From: Gerrit Huizenga
Date: Fri May 06 2005 - 18:45:01 EST



On Fri, 06 May 2005 16:05:46 PDT, Andrew Morton wrote:
> R Sharada <sharada@xxxxxxxxxx> wrote:
> >
> > This patch implements the kexec support for ppc64
>
> Well that's pretty neat. How well does this work?
>
> I assume you'll be working on kdump-via-kexec for ppc64?
>
> This kdump/kexec stuff has been hanging around for far too long, IMO. I'd
> like to think about what we can do to get things moving along a bit more.

Agreed!

> I have two issues with it:
>
> a) Vague feelings that the low-level ia32 changes may cause APIC/etc
> breakage with some PCs.
>
> b) Much more significantly: I still do not believe that it has been
> demonstrated that the whole kdump-via-kexec scheme will have a
> sufficiently high success rate for this to become Linux's way of doing
> crashdumps.
>
> And it would not be good if in six months time we decide that the
> practical problems in getting it all working sufficiently well are
> insurmountable and we have to revert it all and start working on
> something else.
>
> Recently I've seem a couple of "kdump worked for me" reports, which are
> greatly appreciated, but I don't think they're statistically
> significant.
>
> So am I right to have this concern? If so, how can we settle this?
> (ie: who's going to do it? ;))
>
> Perhaps we could declare that kexec is sufficiently useful and mature in
> its own right and just merge up those bits while we work on kdump.

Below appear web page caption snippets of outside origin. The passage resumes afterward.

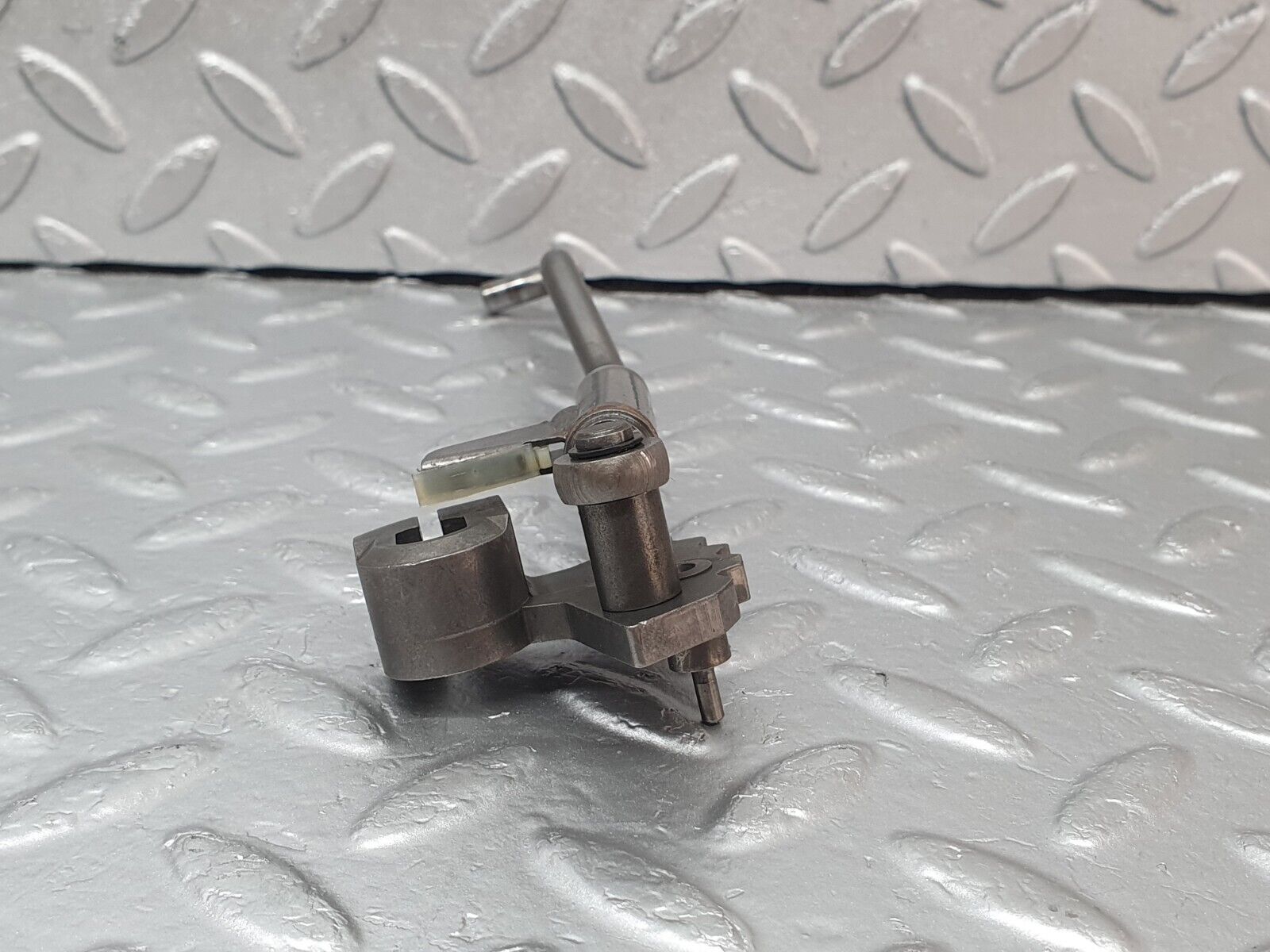 43846 Mercedes-Benz C126 380SEC Coupe Automatic Gearbox Linkage 722.310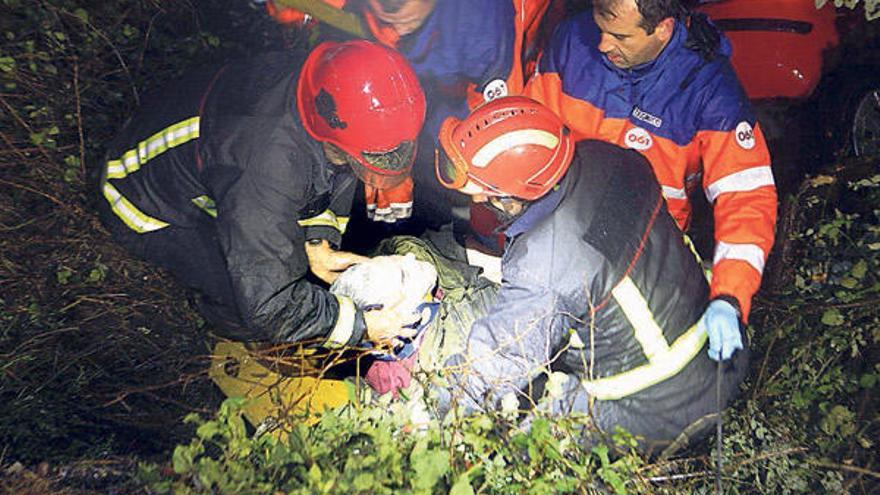 Rescatan a un conductor discapacitado tras caer por un desnivel en la A-52 y llamar desde su móvil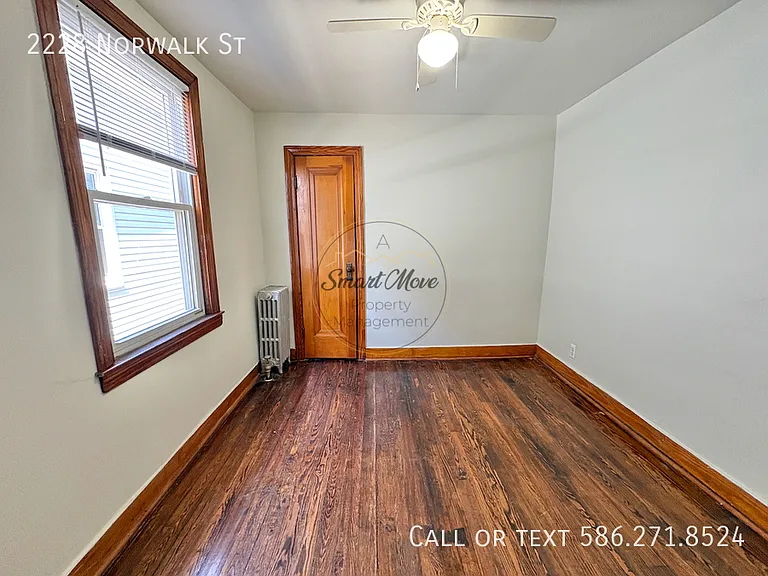 2228 Norwalk St — Photo 10
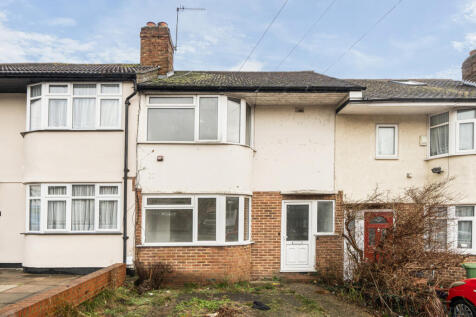 Siverst Close, Northolt, Middlesex 3 bed terraced house for sale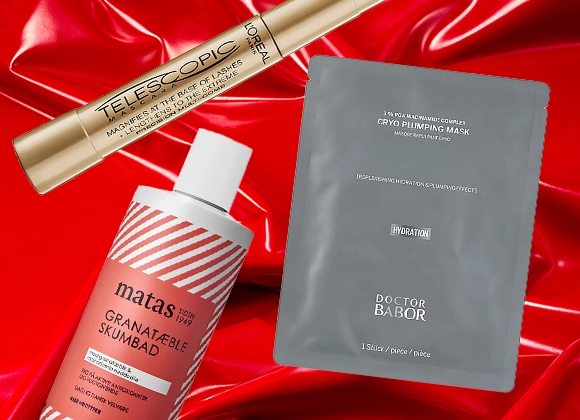 Kolme kauneustuotetta kiiltävän punaisella taustalla: kultainen ripsiväri L’Oréal Parisilta, harmaa kasvonaamio Doctor Baborilta ja punainen granaattiomenavaahtokylpy Matasilta. Edullisia joululahjavinkkejä kauneuden ja ihonhoidon ystäville.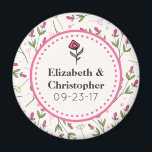 Wildblumen Hochzeit mit rosa und grünem Longsteg Magnet<br><div class="desc">Ein Gastgeschenk Hochzeit-Gedenkmagnet. Ihre Namen und Ihr Hochzeitstermin in einem weißen Rahmen mit rosa gepunkteten Rahmen in der Muschel geschrieben. Die Kulisse ist ein von Hand gezeichnetes,  rosa Wildblumen mit langen grünen Stielen und Blätter in einer eggshell-Weiß-Kulisse. Auch rosa Kreise und Zierleisten schmücken das Design. Whimsisches und hübsches Blumendesign.</div>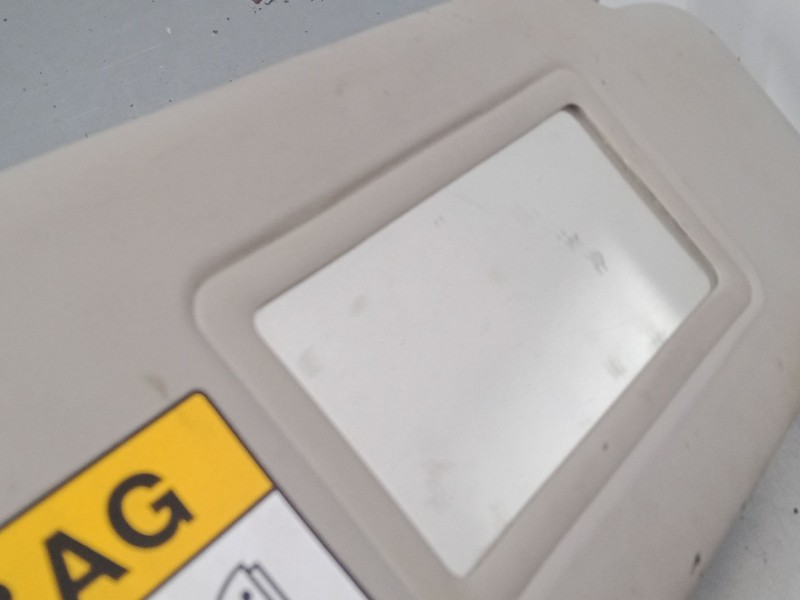 Recambio de parasol derecho para renault twingo ii (cn0_) 1.5 dci 75 referencia OEM IAM   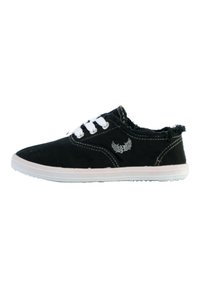 Scarpe nere in tela con lacci bianchi, bordi sfilacciati e suola in gomma bianca. Presentano un ricamo a forma di ala sul lato. Design a profilo basso.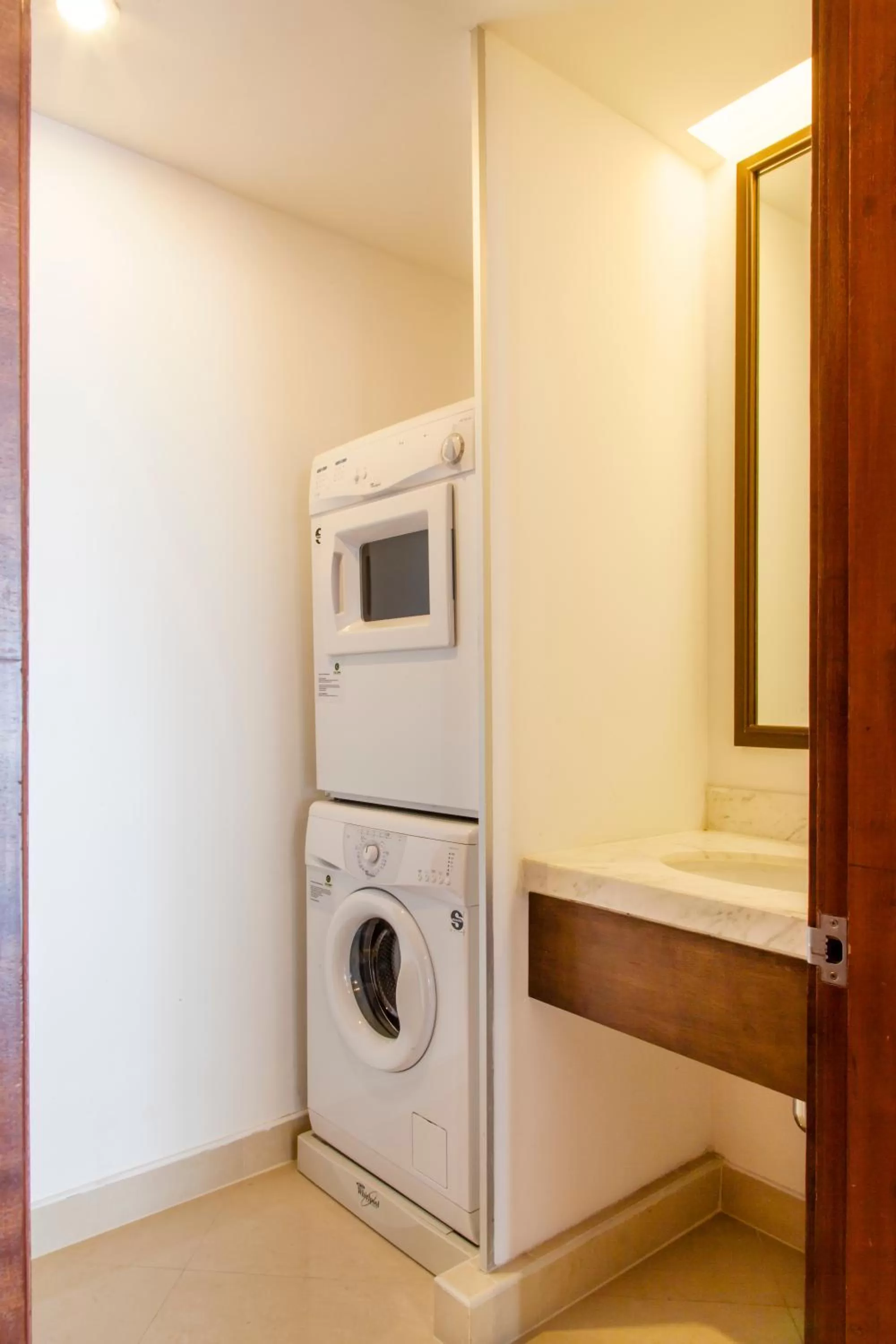 Toilet in Column Bangkok Hotel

This
> also gives us a bit of pipelining: continue to test and stabilise kexec
> while kdump remains in development.
>
> Opinions are sought...

I'm in favor of getting as much of kexec moving towards wider integration
and testing as possible. We won't catch your issue on ia32 without
wider testing on ia32 boxen - and I think it is stable enough that
that type of testing should drive it towards full stability sooner.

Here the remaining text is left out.